Instructions for the task
Search the entries below for "Bedroom", and copy each line where it appears.

(Brief descriptive captions)
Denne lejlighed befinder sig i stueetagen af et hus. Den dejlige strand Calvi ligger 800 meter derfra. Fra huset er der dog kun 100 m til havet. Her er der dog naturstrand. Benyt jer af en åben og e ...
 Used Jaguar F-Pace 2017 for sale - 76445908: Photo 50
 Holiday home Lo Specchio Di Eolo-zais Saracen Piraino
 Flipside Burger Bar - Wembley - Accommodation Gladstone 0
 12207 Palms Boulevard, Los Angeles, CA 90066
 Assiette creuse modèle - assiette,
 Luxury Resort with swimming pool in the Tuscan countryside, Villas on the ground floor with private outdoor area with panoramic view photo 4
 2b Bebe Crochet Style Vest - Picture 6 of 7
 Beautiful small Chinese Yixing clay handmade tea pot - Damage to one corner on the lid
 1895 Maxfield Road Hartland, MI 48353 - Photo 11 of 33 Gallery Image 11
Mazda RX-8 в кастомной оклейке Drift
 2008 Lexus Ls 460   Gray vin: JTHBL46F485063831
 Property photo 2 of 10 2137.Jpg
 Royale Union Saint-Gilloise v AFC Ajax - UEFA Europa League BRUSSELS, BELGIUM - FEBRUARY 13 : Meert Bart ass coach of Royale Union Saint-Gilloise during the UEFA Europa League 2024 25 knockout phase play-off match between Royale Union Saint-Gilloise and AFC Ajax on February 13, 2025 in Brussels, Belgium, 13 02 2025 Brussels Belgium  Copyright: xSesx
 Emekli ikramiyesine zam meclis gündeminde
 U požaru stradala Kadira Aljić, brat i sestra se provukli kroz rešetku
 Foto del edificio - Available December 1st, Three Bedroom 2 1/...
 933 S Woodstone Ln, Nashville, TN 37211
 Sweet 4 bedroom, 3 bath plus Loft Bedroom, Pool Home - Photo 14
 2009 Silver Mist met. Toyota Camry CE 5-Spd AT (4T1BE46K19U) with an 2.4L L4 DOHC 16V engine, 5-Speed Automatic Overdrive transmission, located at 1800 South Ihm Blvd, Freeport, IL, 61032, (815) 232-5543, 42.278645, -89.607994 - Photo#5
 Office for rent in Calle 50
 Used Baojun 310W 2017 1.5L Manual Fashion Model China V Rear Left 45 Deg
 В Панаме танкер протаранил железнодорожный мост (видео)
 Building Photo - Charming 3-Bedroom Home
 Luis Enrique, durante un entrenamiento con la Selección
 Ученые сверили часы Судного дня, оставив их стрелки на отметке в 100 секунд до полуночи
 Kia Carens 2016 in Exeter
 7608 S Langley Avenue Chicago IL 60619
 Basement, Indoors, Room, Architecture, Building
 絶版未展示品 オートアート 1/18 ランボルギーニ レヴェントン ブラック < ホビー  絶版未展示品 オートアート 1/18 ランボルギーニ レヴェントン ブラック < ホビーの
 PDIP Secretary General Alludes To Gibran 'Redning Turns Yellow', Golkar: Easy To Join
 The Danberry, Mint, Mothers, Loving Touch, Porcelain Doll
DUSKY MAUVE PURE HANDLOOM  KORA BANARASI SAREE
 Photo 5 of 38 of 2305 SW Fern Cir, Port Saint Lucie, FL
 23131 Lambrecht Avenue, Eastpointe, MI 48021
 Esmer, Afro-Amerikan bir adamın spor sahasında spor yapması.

Task result
 Foto del edificio - Available December 1st, Three Bedroom 2 1/...
 Sweet 4 bedroom, 3 bath plus Loft Bedroom, Pool Home - Photo 14
 Building Photo - Charming 3-Bedroom Home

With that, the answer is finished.